Problem description ->
Task for the records below: copy exactly, and only, the line containing "PVC Laminated Gypsum Ceiling Tile With 20cm" and every line after it to the end, with pictures left out.

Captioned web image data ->
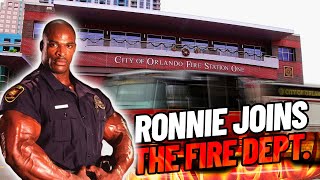 RONNIE COLEMAN The ULTIMATE First Responder 🚨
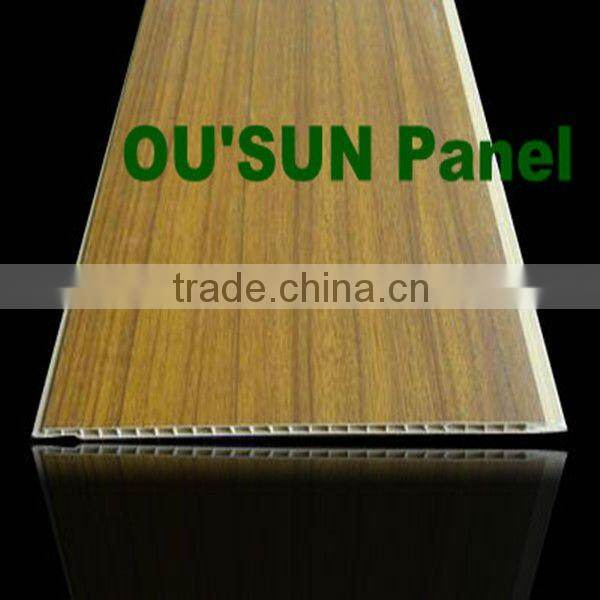 PVC Laminated Gypsum Ceiling Tile With 20cm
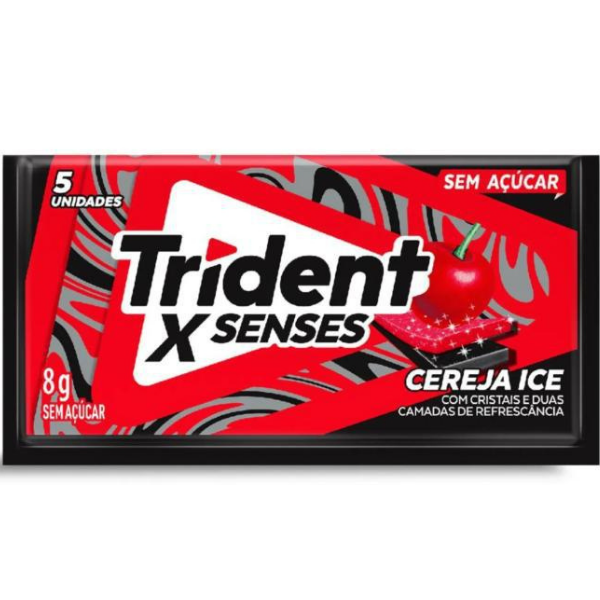 TRIDENT CEREJA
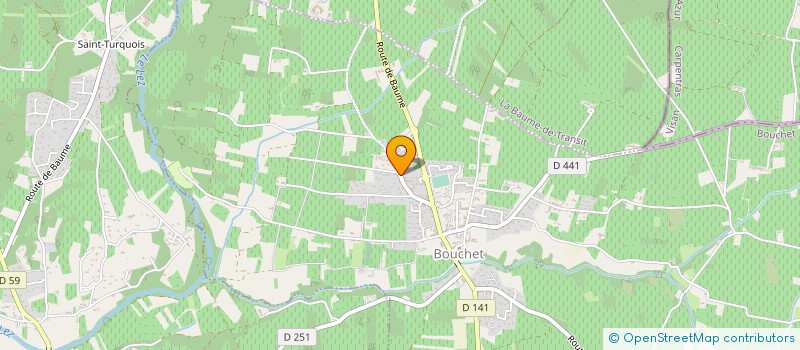 localisation de l'entreprise SCI TORTOSA  BOUCHET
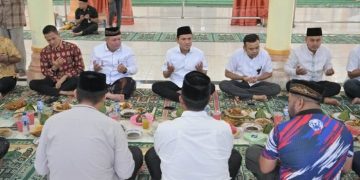 Wagub Aceh Buka Puasa Bersama Warga Matang Drien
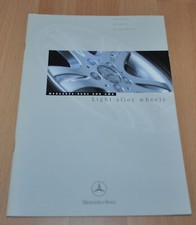 Folheto de rodas de liga leve Mercedes Benz modelo alcance Prospekt 0700 comprar usado  Enviando para Brazil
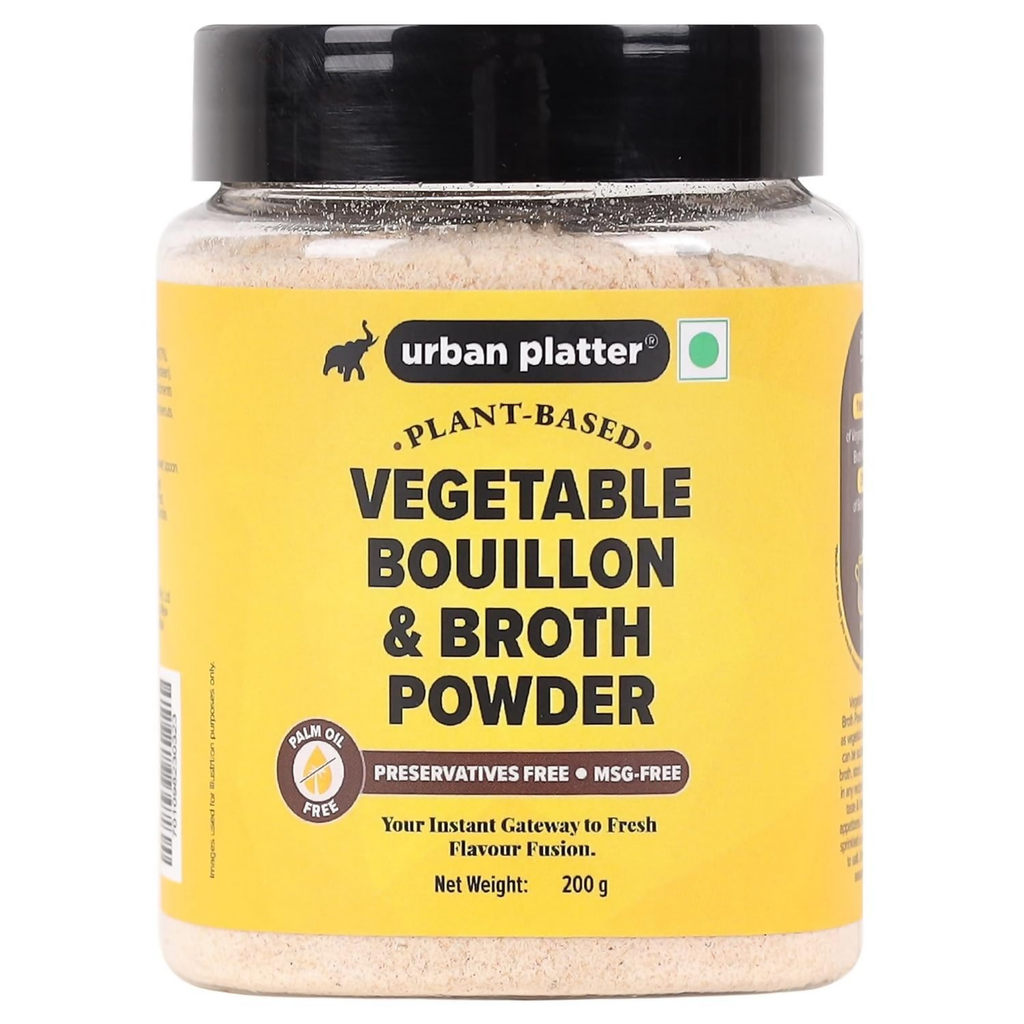 Urban Platter Vegetable Bouillon & Broth Powder | Grocsy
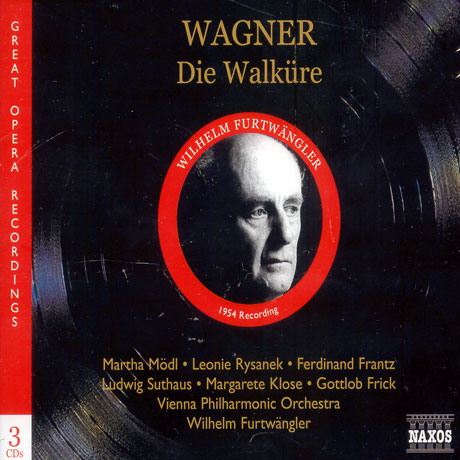 DIE WALKURE/ WILHELM FURTWANGLER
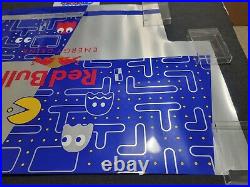 Red Bull Pac-Man Sign Store Display Mini Cooler Wrap RARE Limited Edition Promo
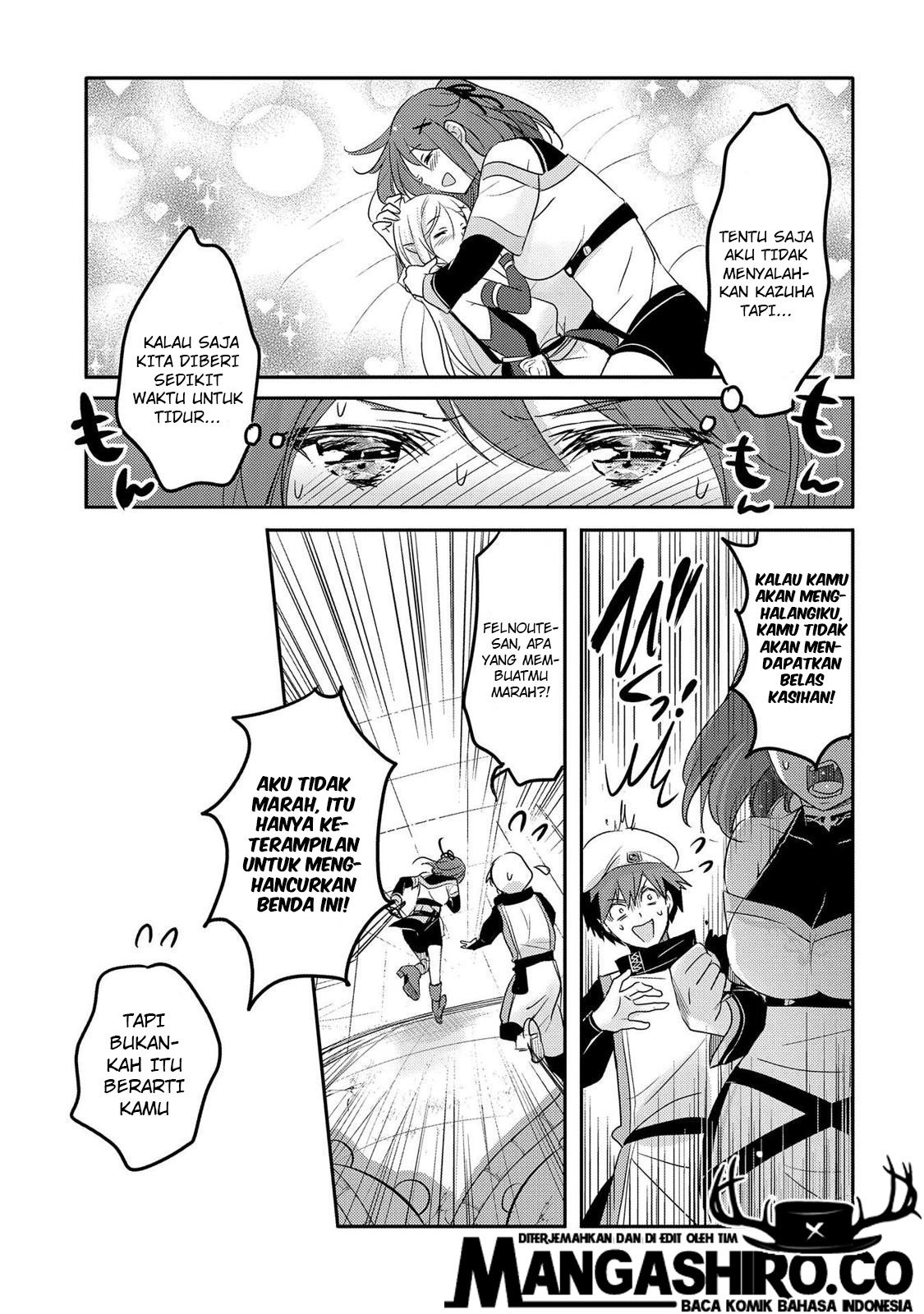 Tensei Kyuuketsukisan wa Ohirune ga Shitai Chapter 28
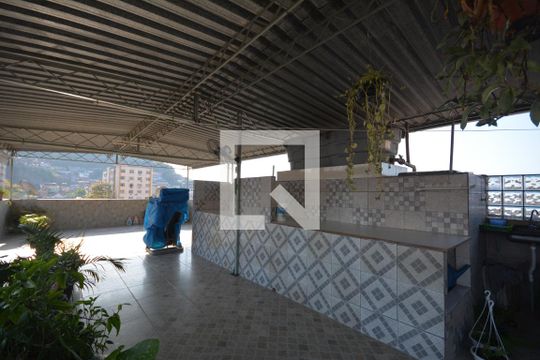 Terraço de apartamento à venda com 3 quartos, 94m² em Madureira, Rio de Janeiro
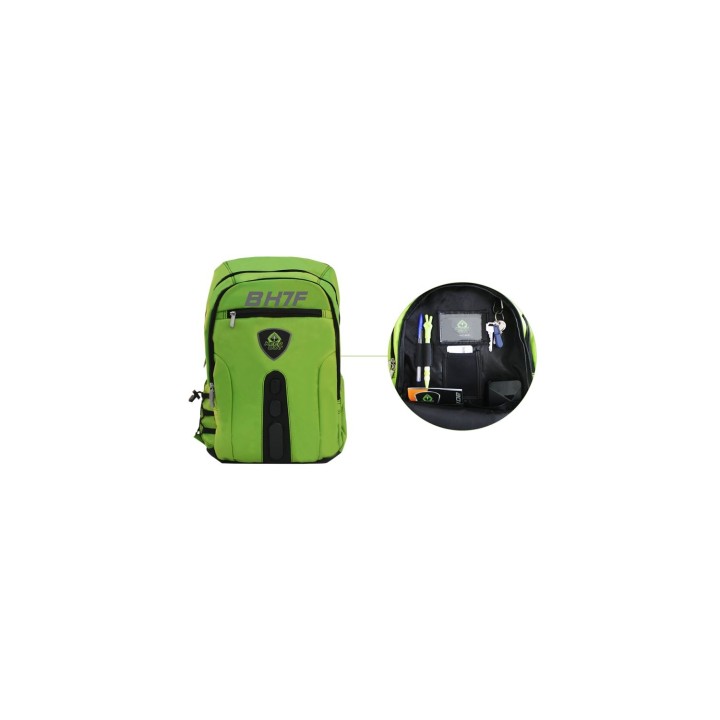 MOCHILA PORTATIL KEEP OUT 15.6 BK7FG VERDE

Expected answer ->
 PVC Laminated Gypsum Ceiling Tile With 20cm
 TRIDENT CEREJA
 localisation de l'entreprise SCI TORTOSA  BOUCHET
 Wagub Aceh Buka Puasa Bersama Warga Matang Drien
 Folheto de rodas de liga leve Mercedes Benz modelo alcance Prospekt 0700 comprar usado  Enviando para Brazil
 Urban Platter Vegetable Bouillon & Broth Powder | Grocsy
 DIE WALKURE/ WILHELM FURTWANGLER
 Red Bull Pac-Man Sign Store Display Mini Cooler Wrap RARE Limited Edition Promo
 Tensei Kyuuketsukisan wa Ohirune ga Shitai Chapter 28
 Terraço de apartamento à venda com 3 quartos, 94m² em Madureira, Rio de Janeiro
 MOCHILA PORTATIL KEEP OUT 15.6 BK7FG VERDE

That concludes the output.